(RECORDS FOR THE EXERCISE)

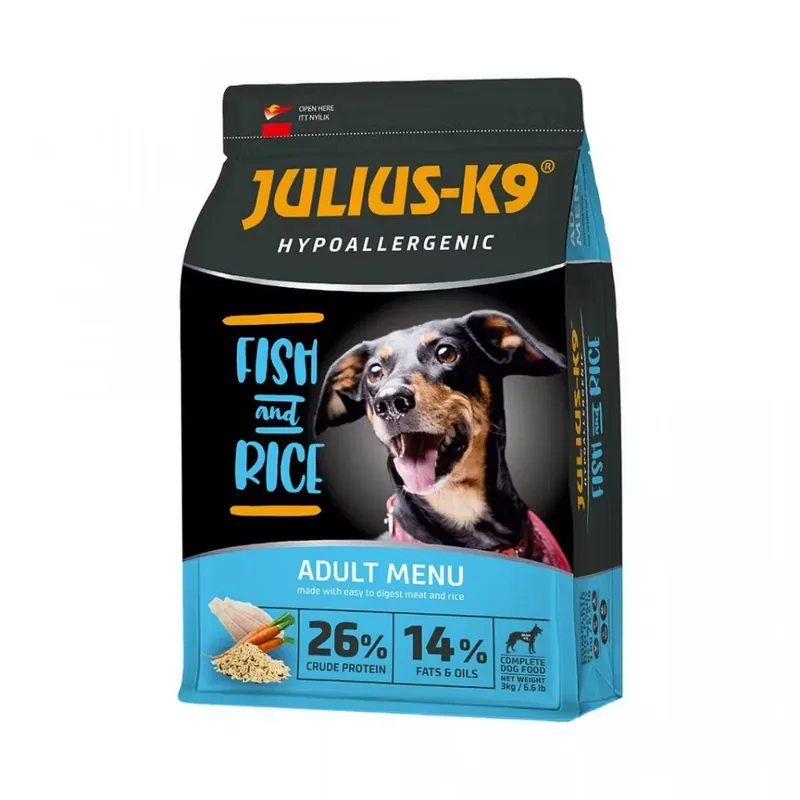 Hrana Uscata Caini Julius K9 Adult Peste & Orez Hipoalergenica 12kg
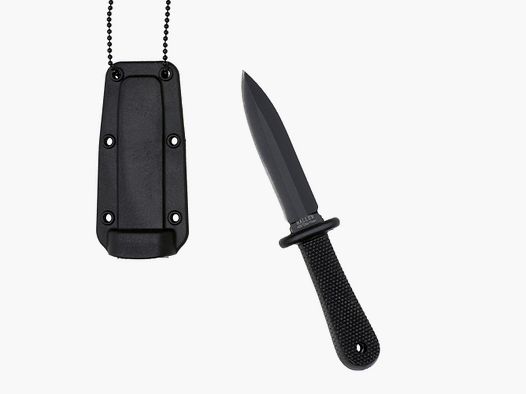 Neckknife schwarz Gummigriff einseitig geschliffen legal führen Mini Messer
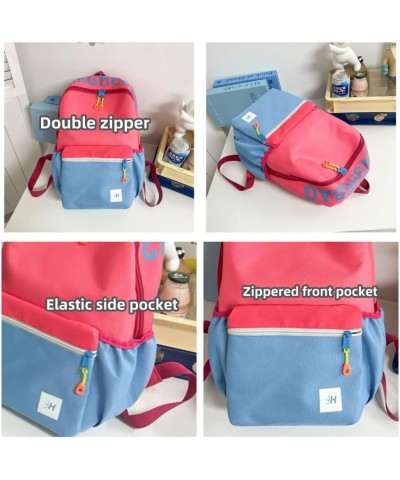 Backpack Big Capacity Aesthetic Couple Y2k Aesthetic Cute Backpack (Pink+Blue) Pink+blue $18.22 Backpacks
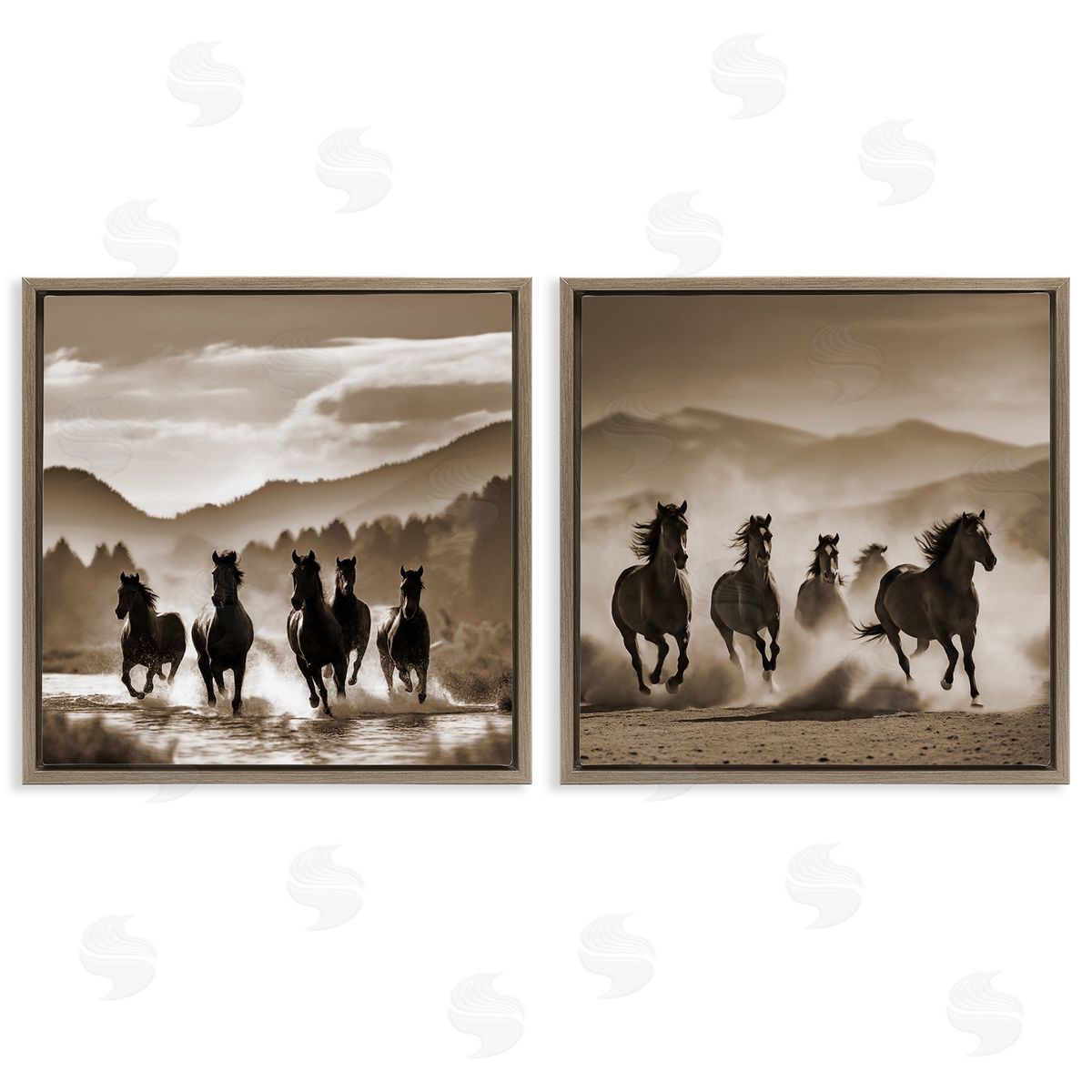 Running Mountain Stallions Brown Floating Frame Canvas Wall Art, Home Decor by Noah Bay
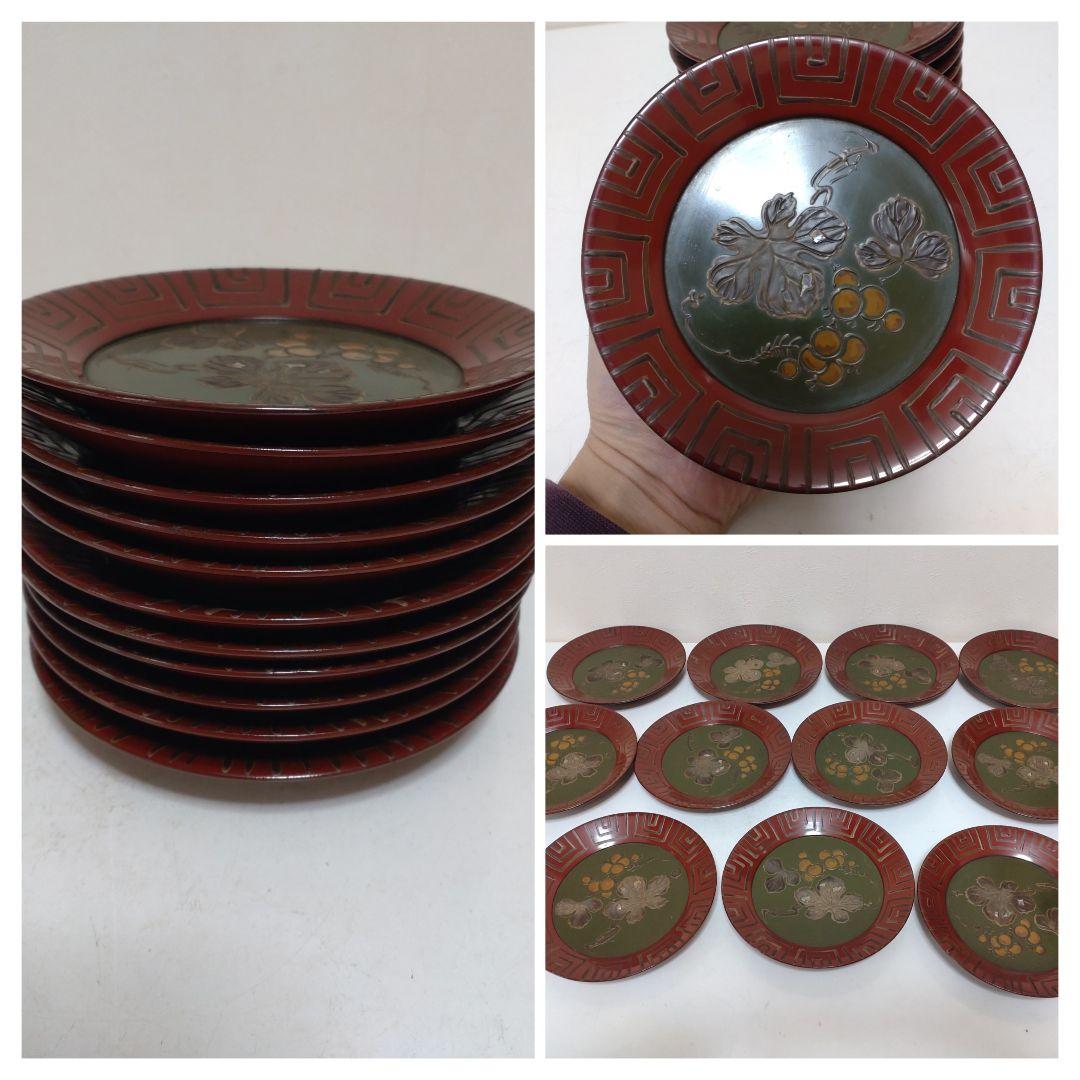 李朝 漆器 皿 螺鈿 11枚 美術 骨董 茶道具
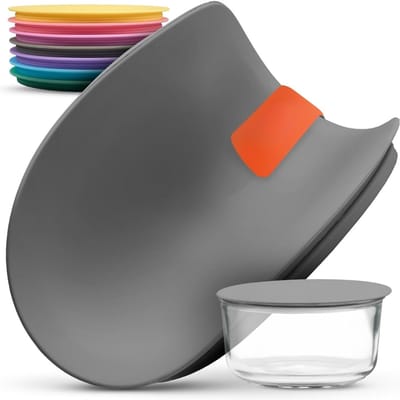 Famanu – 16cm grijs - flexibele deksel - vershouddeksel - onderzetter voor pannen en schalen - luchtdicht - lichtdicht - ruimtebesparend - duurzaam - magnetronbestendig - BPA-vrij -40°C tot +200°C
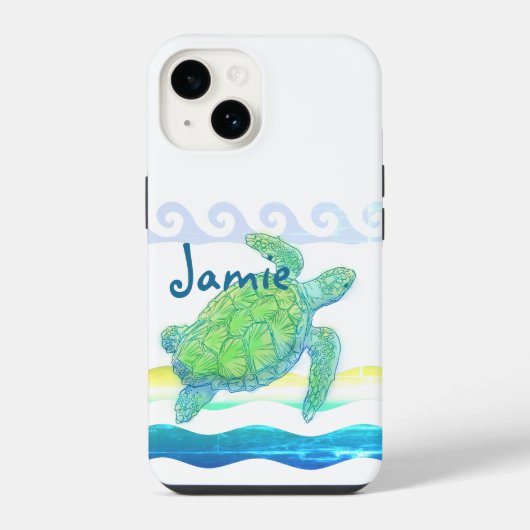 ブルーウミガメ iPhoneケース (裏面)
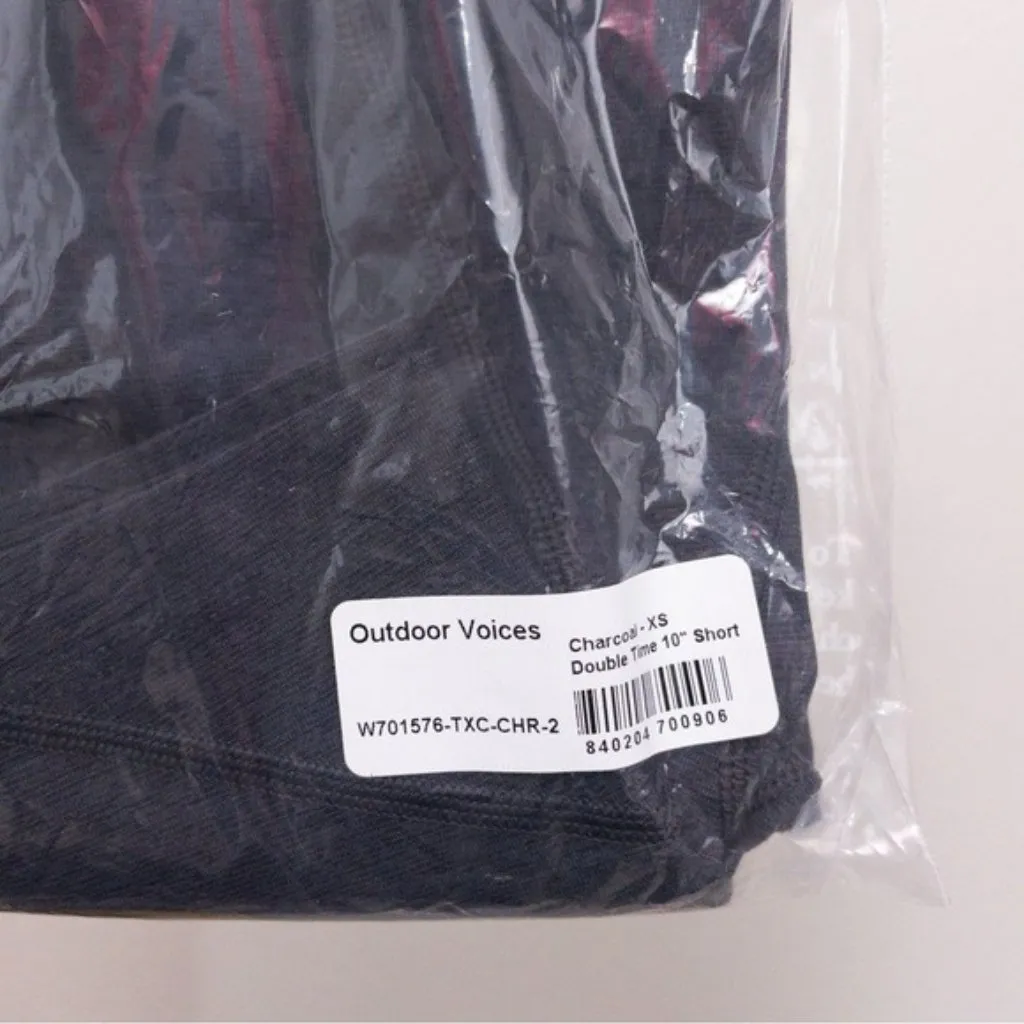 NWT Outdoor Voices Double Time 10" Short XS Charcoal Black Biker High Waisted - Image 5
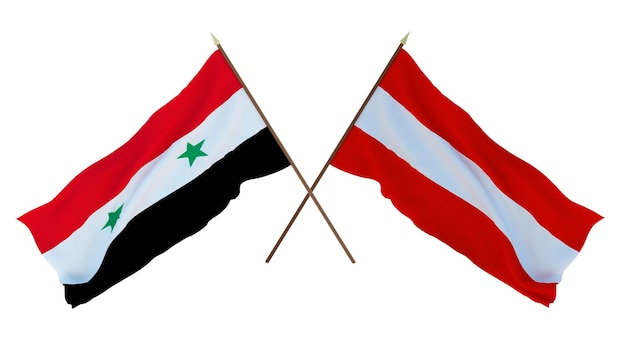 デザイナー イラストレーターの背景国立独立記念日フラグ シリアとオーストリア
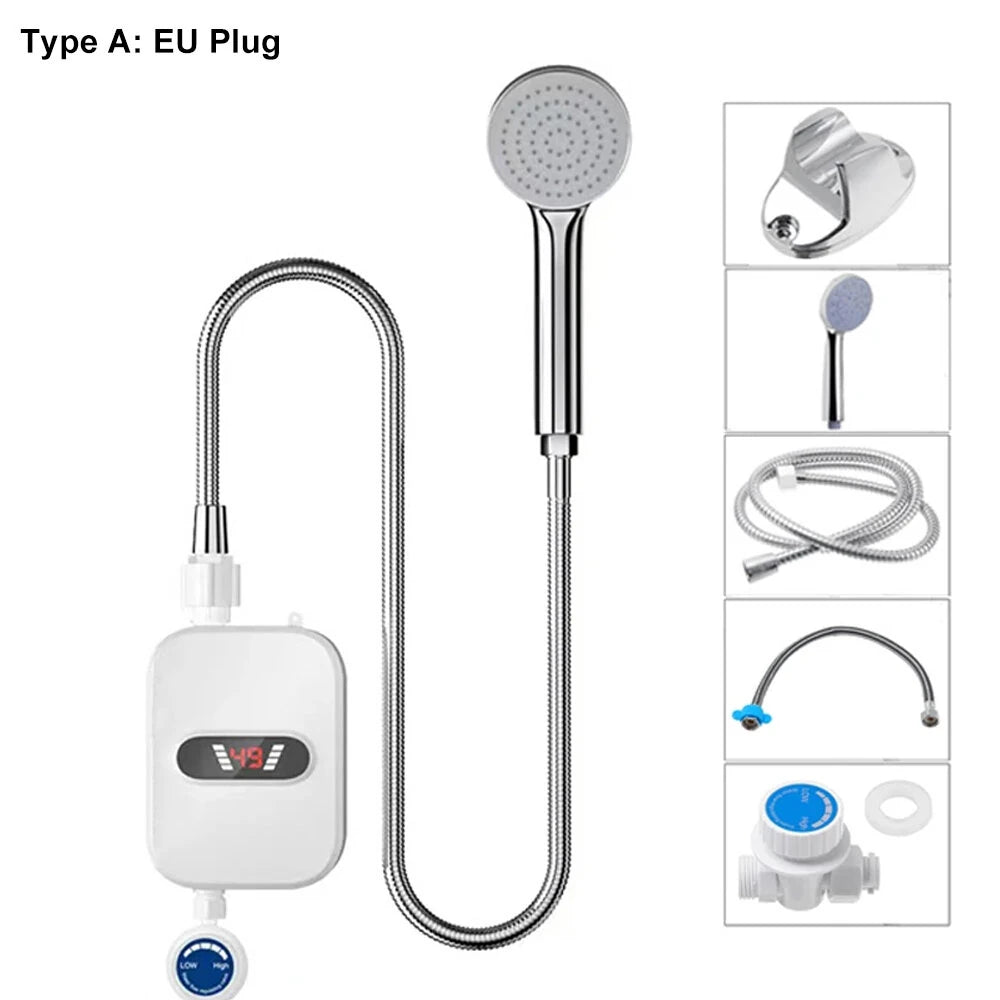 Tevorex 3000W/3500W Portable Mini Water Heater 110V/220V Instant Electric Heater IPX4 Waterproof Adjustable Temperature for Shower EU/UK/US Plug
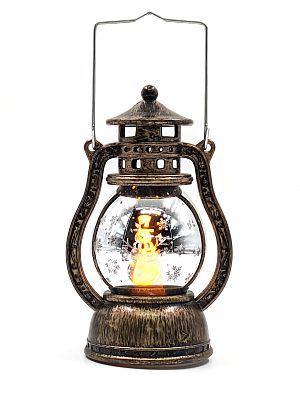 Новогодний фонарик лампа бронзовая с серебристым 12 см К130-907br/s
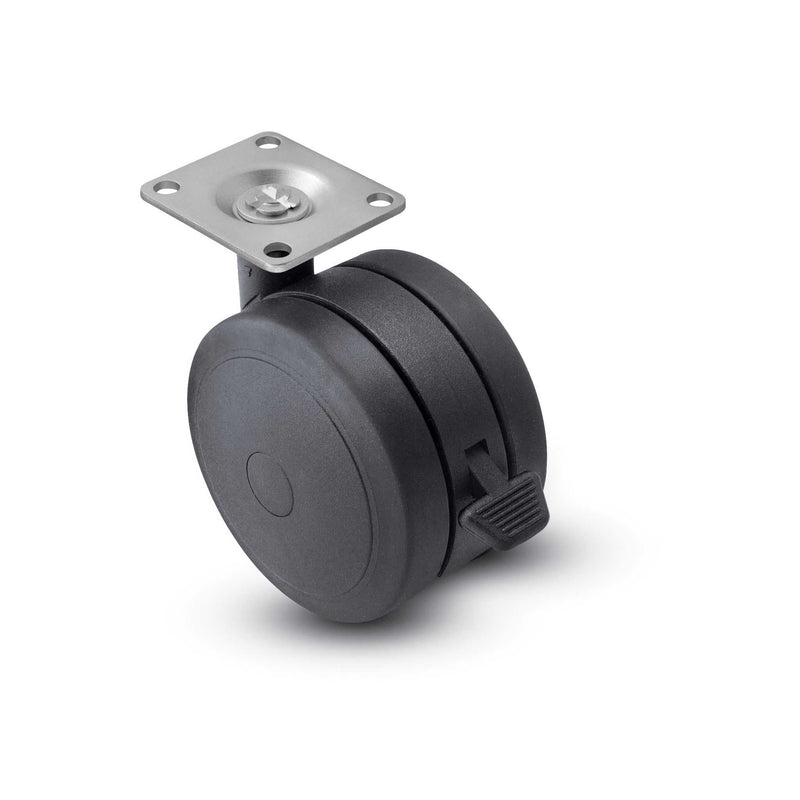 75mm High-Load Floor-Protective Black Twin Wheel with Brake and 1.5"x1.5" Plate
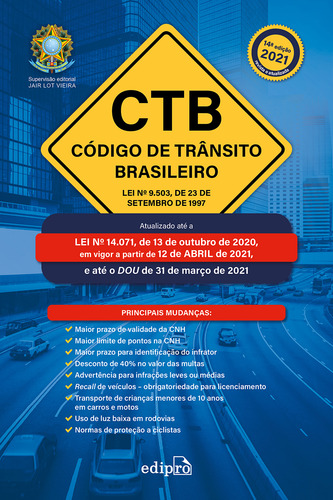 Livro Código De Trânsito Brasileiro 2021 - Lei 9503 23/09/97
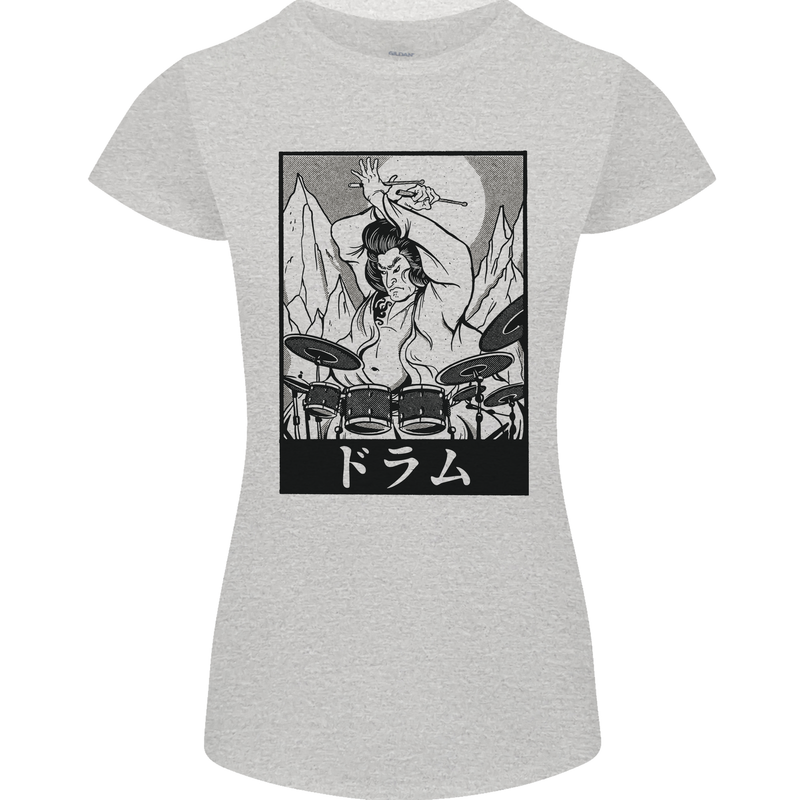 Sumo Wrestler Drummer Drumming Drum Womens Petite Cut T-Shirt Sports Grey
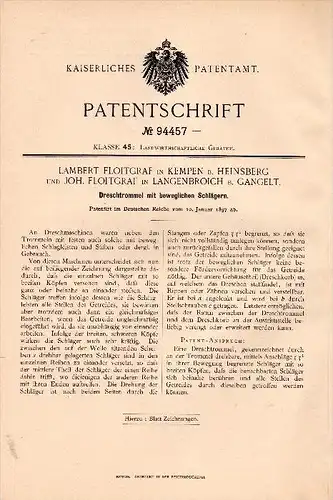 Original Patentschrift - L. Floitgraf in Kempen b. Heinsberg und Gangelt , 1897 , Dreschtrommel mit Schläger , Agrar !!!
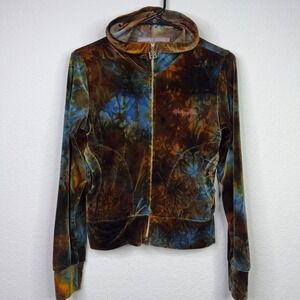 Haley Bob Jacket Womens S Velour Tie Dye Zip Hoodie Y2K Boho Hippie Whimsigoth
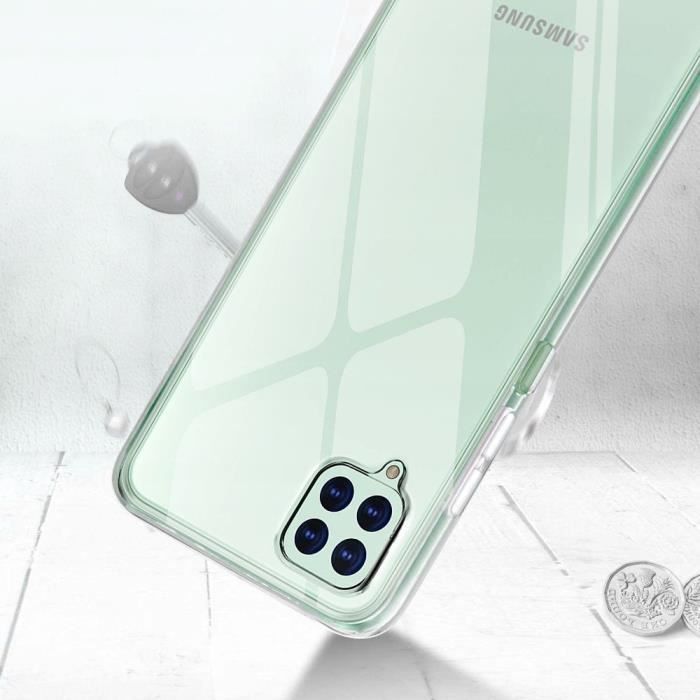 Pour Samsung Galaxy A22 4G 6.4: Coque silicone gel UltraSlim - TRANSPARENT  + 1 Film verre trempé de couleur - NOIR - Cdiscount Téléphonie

(End RECORDS FOR THE EXERCISE)

**EXERCISE:** Beginning with the line that contains "Running Mountain Stallions" and ending with the line that contains "デザイナー イラストレーターの背景国立独立記念日フラグ シリアとオーストリア", reproduce the listing exactly, pictures excluded.

**ANSWER SECTION:**
 Running Mountain Stallions Brown Floating Frame Canvas Wall Art, Home Decor by Noah Bay
 李朝 漆器 皿 螺鈿 11枚 美術 骨董 茶道具
 Famanu – 16cm grijs - flexibele deksel - vershouddeksel - onderzetter voor pannen en schalen - luchtdicht - lichtdicht - ruimtebesparend - duurzaam - magnetronbestendig - BPA-vrij -40°C tot +200°C
 ブルーウミガメ iPhoneケース (裏面)
 NWT Outdoor Voices Double Time 10" Short XS Charcoal Black Biker High Waisted - Image 5
 デザイナー イラストレーターの背景国立独立記念日フラグ シリアとオーストリア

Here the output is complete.